Molecular dynamics (MD) simulations of VIP and PACAP27

Abstract

Vasoactive intestinal peptide (VIP) and pituitary adenylate cyclase-activating polypeptide-27 (PACAP27) are members of the secretin-glucagon family containing 28 and 27 residues, respectively. NMR spectroscopy studies suggest that the N-terminus exhibit consecutive beta-turns whereas the central and C-terminal parts of the VIP molecule have been characterized as being two alpha-helices.
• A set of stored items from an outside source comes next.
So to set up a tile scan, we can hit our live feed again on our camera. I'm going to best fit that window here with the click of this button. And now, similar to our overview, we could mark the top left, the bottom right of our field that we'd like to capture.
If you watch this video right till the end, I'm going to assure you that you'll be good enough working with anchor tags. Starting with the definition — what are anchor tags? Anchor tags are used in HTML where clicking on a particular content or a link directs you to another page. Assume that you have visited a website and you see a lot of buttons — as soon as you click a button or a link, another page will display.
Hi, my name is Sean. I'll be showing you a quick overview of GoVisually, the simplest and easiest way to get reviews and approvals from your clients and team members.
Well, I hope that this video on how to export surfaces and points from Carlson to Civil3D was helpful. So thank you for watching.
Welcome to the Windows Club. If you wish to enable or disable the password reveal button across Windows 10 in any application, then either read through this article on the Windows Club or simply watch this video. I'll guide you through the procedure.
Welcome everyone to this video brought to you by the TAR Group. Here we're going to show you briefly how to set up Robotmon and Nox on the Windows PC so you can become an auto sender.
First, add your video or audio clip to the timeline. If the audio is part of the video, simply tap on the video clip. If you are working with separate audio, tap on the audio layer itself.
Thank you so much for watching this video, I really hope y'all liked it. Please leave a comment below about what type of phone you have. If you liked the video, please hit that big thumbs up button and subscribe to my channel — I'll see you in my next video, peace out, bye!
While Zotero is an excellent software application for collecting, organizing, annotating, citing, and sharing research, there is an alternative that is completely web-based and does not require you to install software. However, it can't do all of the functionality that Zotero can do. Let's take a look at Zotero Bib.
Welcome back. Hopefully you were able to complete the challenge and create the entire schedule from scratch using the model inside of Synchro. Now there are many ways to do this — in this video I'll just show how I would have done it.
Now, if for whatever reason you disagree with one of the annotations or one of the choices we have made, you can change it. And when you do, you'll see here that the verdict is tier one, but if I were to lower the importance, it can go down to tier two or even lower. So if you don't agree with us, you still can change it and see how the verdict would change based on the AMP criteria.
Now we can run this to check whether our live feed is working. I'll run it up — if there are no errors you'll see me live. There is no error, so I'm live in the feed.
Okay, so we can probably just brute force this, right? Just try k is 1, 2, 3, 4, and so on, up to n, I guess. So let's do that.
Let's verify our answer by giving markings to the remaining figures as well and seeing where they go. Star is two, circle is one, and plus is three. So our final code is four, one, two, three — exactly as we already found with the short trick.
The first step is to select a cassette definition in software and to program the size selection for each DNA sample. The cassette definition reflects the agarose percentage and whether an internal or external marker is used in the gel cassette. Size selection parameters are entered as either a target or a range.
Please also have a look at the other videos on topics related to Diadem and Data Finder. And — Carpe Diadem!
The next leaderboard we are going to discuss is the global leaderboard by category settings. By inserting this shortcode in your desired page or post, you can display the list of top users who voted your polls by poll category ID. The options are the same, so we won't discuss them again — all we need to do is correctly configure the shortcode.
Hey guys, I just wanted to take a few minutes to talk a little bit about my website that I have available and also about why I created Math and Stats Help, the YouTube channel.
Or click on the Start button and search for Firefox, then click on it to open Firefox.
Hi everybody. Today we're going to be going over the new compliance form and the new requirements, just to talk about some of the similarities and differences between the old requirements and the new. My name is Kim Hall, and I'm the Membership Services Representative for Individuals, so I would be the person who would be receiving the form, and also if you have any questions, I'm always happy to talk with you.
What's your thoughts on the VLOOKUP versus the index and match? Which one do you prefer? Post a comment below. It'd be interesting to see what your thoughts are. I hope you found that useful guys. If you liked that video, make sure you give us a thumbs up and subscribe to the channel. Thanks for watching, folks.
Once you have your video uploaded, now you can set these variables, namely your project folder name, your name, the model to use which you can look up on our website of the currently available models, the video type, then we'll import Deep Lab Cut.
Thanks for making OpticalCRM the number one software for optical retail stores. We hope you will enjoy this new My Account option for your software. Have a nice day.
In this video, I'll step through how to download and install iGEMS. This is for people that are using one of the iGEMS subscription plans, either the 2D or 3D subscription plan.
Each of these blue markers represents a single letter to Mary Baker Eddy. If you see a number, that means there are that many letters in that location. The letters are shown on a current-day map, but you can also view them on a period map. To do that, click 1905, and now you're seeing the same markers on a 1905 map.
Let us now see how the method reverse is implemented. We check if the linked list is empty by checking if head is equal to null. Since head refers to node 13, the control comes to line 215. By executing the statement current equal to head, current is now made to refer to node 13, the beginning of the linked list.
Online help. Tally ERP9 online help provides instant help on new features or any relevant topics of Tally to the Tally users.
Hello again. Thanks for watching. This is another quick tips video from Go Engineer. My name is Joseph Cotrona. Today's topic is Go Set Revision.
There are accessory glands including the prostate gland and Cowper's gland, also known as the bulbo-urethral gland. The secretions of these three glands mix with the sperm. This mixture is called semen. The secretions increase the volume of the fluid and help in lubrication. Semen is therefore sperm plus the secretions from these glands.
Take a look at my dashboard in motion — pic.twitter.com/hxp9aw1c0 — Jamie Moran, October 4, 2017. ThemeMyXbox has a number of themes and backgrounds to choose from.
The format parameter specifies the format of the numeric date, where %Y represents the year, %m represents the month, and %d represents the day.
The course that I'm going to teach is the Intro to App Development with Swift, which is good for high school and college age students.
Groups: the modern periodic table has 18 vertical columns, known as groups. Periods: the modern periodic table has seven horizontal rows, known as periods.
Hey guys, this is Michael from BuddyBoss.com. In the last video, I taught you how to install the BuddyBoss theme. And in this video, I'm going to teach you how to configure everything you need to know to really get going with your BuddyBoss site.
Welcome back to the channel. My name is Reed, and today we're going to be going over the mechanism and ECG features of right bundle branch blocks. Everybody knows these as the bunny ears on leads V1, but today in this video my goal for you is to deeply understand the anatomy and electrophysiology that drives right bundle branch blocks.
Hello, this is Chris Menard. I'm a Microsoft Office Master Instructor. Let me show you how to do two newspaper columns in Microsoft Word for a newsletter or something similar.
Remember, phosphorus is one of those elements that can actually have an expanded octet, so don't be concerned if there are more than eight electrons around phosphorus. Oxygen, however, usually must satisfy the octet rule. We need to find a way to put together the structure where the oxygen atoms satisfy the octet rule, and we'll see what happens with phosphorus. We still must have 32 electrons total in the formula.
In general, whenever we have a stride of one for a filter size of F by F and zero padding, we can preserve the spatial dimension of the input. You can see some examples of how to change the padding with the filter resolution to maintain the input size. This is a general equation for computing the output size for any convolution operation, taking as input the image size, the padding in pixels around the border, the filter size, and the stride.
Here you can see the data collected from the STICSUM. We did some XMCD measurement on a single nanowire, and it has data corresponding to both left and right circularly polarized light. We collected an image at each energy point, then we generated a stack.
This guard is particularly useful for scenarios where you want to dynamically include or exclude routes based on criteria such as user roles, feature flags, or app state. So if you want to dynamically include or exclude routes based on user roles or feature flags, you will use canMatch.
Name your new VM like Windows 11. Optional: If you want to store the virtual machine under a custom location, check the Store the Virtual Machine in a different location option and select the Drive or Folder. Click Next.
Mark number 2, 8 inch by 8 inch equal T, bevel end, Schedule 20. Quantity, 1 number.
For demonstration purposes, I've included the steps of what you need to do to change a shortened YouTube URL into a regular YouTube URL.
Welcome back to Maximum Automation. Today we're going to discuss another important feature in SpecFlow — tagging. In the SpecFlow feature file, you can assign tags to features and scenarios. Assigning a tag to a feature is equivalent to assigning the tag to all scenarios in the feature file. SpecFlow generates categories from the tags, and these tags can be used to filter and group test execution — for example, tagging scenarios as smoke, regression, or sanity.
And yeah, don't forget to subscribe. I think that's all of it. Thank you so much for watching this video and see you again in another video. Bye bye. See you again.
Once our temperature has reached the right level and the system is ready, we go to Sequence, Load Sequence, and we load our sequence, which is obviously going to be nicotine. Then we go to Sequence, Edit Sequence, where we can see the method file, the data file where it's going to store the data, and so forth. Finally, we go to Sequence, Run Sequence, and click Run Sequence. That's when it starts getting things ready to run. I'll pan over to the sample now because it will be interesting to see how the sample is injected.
In contrast, similar studies carried out on PACAP suggest that the shortest active peptide segment PACAP27 in the presence of trifluoroethanol (TFE) exhibits a disordered N-terminal domain followed by a alpha-helix expanding residues 9-26 with a discontinuity between residues 20 and 21. In the present study, a series of MD trajectories of VIP and PACAP27 were carried out using two different implicit models of the solvent: the Generalized Born that use an effective Born radii described by Onufriev, Bashford, and Case (GBOBC) and the Hawkins, Cramer, and Truhlar approximation (GBHCT) and two different force fields: AMBER ff99 and a modified version of the latter described by Sorin and Pande (Biophys J 2005, 88, 2472-2493), ff99SP. Comparison of the structures obtained from the MD trajectories and those derived from the NMR studies in the literature indicates that the GBOBC method is more efficient in the exploration of the conformational space and presents a higher agreement with the experimental structure of VIP and PACAP27 in TFE.